The idea of speaking in front of a group makes most people worry. In fact, some people reported that they fear public speaking than death.
Suppose you are one of the millions who fear public speaking, or you want to improve your public speaking; in that case, this article is for you.
Public speaking is an excellent skill that is required for a leadership role. Whether you are an employee, business executive or community leader, we all should be comfortable speaking publicly to some level.
Regardless of your situation, you can become a better public speaker through a deliberate act of learning and practising.
Fear of Public Speaking?
Fear of public speaking has to do with many different elements, including how we feel, thinks, or acts. The theories exploring the fear of public speaking have identified four contributing factors, as explained by Dr Theo Tsaousides, a neuropsychologist & professor.
- Physiology – When confronted with a threat, our bodies prepare for battle. This hyperarousal leads to fear, and eventually, it prevents people from pursuing opportunities for public speaking.
- Thoughts – The people see the speaking event as a potential threat to their credibility, image, and chance to reach an audience. Negative views of oneself as a speaker can lead to the fear of speaking in public.
- Situations – Like lack of experience, status differences, new ideas, new audience, or degree of evaluation can also create intense fear in most speakers.
- Skills – Finally, another factor that contributes to the fear of public speaking is how skilled you are in the area.
Solutions to Fear of Public Speaking
As a member of Toastmasters Club, I have delivered more than ten prepared speeches and dozens of table topics. I have also spoken at seminars, webinars and training events.
Therefore, I tried each of the tips mentioned in this article. This advice also helped many other people to overcome their fear of public speaking.
1. Research about the topic
You are not supposed to be an expert in every topic, but you are expected to do some homework when speaking to others. When you care about something, you learn about it, making it easier to talk about it.

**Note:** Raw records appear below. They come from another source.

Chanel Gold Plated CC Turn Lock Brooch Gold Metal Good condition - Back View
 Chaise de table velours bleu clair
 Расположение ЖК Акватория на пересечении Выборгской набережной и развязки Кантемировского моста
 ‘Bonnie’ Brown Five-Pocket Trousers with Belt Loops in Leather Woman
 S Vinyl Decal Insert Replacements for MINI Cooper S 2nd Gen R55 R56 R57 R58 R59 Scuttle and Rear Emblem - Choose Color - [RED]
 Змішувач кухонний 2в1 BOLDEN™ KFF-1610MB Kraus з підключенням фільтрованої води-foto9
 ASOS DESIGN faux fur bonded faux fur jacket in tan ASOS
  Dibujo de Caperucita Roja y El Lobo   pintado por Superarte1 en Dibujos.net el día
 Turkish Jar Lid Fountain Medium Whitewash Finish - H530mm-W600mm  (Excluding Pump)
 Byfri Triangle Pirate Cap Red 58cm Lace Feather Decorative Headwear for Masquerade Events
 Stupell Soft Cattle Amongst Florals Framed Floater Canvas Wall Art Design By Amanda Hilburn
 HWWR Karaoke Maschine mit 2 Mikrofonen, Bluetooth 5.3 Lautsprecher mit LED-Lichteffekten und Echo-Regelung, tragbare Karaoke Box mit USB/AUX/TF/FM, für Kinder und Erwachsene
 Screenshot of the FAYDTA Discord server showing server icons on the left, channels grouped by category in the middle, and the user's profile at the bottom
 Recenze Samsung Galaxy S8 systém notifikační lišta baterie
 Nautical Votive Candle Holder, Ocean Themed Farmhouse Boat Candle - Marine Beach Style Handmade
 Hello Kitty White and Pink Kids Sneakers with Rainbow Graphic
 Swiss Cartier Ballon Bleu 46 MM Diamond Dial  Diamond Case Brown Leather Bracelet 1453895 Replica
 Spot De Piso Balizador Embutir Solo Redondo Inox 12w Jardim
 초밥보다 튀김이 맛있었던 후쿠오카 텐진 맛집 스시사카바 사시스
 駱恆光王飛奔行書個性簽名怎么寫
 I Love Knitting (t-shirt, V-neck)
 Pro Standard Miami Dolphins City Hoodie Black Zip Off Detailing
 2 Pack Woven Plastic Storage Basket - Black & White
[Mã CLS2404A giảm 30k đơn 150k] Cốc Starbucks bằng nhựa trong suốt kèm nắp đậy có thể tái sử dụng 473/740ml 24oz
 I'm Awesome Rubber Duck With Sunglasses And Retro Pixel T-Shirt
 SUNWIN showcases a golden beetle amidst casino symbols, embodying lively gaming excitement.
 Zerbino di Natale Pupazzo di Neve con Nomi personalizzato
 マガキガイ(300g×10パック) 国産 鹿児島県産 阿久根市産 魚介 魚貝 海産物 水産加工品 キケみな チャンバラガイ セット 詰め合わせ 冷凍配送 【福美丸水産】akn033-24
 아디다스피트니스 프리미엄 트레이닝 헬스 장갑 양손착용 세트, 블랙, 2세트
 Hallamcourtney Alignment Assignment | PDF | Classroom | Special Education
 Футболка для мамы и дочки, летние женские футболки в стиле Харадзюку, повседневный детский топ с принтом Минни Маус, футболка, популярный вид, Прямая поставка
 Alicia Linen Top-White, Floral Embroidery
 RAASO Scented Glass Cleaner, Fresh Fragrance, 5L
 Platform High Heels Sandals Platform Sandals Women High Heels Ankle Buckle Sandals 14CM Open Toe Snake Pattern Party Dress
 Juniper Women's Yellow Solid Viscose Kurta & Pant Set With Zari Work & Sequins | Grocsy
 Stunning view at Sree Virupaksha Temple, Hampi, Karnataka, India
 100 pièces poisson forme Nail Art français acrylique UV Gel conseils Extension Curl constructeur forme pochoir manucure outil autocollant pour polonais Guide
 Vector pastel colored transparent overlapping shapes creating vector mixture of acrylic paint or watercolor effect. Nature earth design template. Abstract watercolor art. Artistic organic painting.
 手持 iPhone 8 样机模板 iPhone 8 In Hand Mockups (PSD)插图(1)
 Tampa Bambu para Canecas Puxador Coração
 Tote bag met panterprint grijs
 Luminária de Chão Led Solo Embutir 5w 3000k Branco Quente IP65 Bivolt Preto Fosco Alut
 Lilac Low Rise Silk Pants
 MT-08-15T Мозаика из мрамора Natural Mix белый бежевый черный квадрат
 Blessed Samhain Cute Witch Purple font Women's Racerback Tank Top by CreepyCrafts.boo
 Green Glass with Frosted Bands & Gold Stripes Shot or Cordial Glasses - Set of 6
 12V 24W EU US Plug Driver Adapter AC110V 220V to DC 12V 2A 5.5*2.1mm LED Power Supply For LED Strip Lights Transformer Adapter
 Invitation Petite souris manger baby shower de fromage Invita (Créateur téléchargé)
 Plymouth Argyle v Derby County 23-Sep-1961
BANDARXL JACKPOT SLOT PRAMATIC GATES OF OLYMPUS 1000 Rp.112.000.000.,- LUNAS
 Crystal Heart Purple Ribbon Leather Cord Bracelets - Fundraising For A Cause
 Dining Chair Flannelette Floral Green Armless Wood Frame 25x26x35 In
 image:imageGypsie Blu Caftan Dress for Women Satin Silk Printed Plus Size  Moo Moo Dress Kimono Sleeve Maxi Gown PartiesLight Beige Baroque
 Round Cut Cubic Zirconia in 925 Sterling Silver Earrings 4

So, if you’re going to speak on a topic, make sure you do some research from reputable sources and reference them. Your sources can be external data or internal company information. Research helps speakers to talk about facts, data-driven than purely emotions or generalization.
2. Know Your Audience (KYA)
Part of your research should include knowing your audience. You should ask yourself some questions: Who are the target audiences, why are would they listen to you? What do they want?
Getting the notes about these questions helps you to prepare a message that speaks directly to your audience.
The needs of a customer, vendor, employees, and board of directors are different under different circumstances. For instance, if your company is performing poorly, each stakeholder sees it differently.
3. Practice and Practice
Ralph C. Smedley, the founder of Toastmasters International, once said that “the unprepared speaker has a right to be afraid.”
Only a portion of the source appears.